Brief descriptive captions
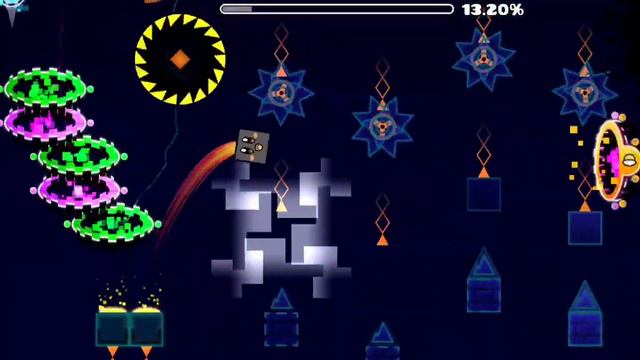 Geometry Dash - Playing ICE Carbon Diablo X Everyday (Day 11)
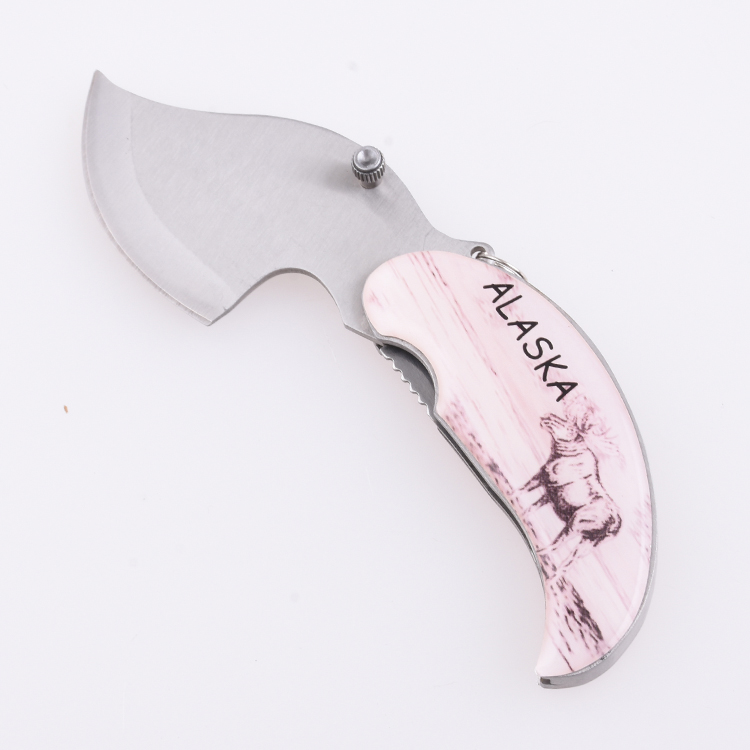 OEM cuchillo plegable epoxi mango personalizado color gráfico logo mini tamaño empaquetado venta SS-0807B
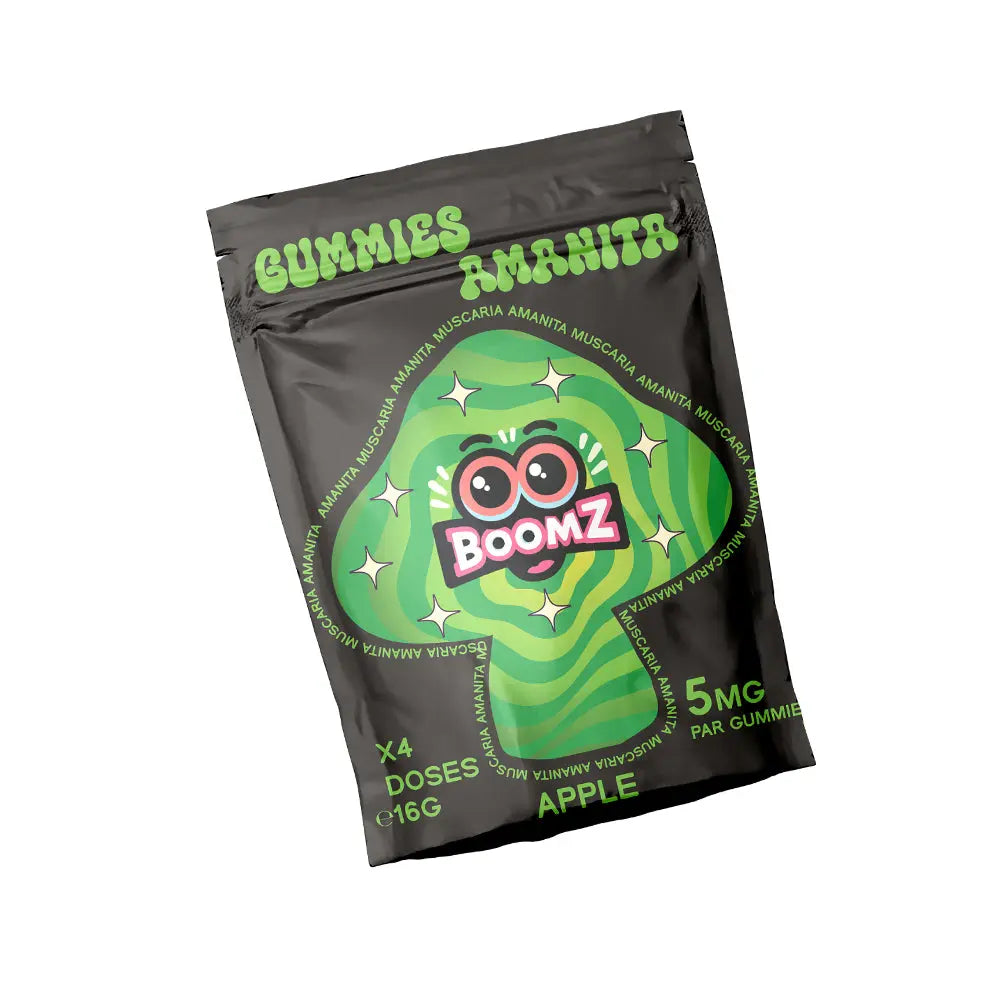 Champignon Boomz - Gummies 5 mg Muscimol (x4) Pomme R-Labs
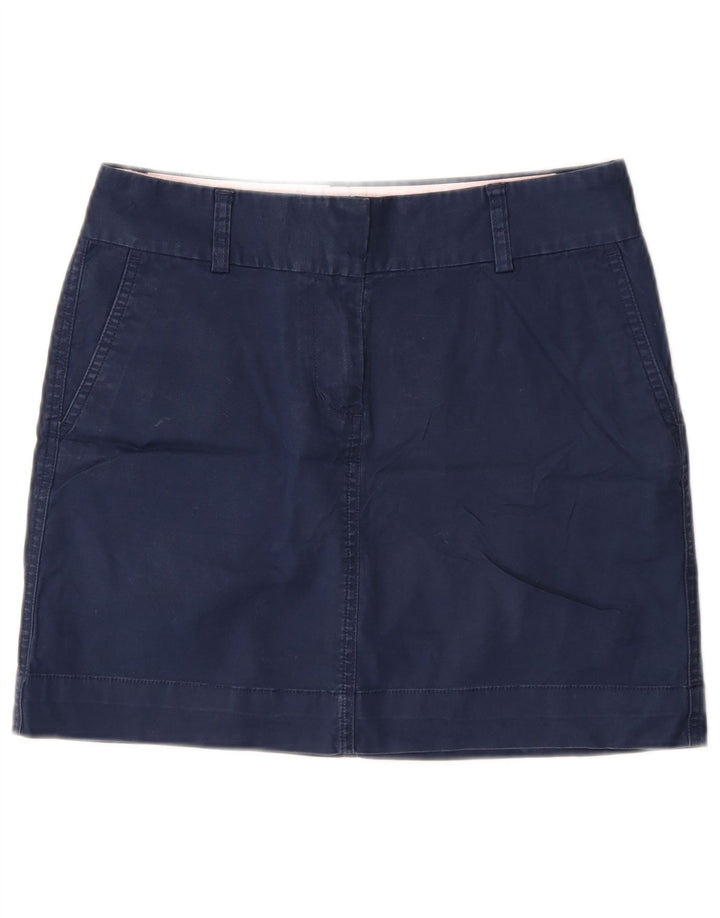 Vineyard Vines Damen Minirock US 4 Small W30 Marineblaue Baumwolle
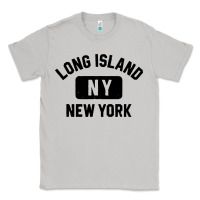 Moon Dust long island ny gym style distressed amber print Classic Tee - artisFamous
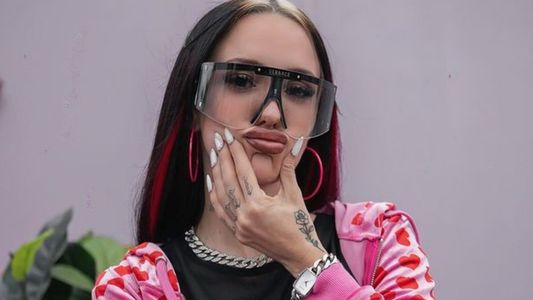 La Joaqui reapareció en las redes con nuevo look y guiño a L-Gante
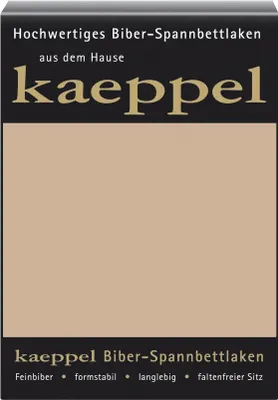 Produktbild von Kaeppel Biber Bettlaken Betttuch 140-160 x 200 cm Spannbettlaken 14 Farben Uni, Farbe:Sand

**Exercise directions:**
Copy each record exactly. Leave any images out of the copy.

**Answer space:**
 Geometry Dash - Playing ICE Carbon Diablo X Everyday (Day 11)
 OEM cuchillo plegable epoxi mango personalizado color gráfico logo mini tamaño empaquetado venta SS-0807B
 Champignon Boomz - Gummies 5 mg Muscimol (x4) Pomme R-Labs
 Vineyard Vines Damen Minirock US 4 Small W30 Marineblaue Baumwolle
 Moon Dust long island ny gym style distressed amber print Classic Tee - artisFamous
 La Joaqui reapareció en las redes con nuevo look y guiño a L-Gante
 Produktbild von Kaeppel Biber Bettlaken Betttuch 140-160 x 200 cm Spannbettlaken 14 Farben Uni, Farbe:Sand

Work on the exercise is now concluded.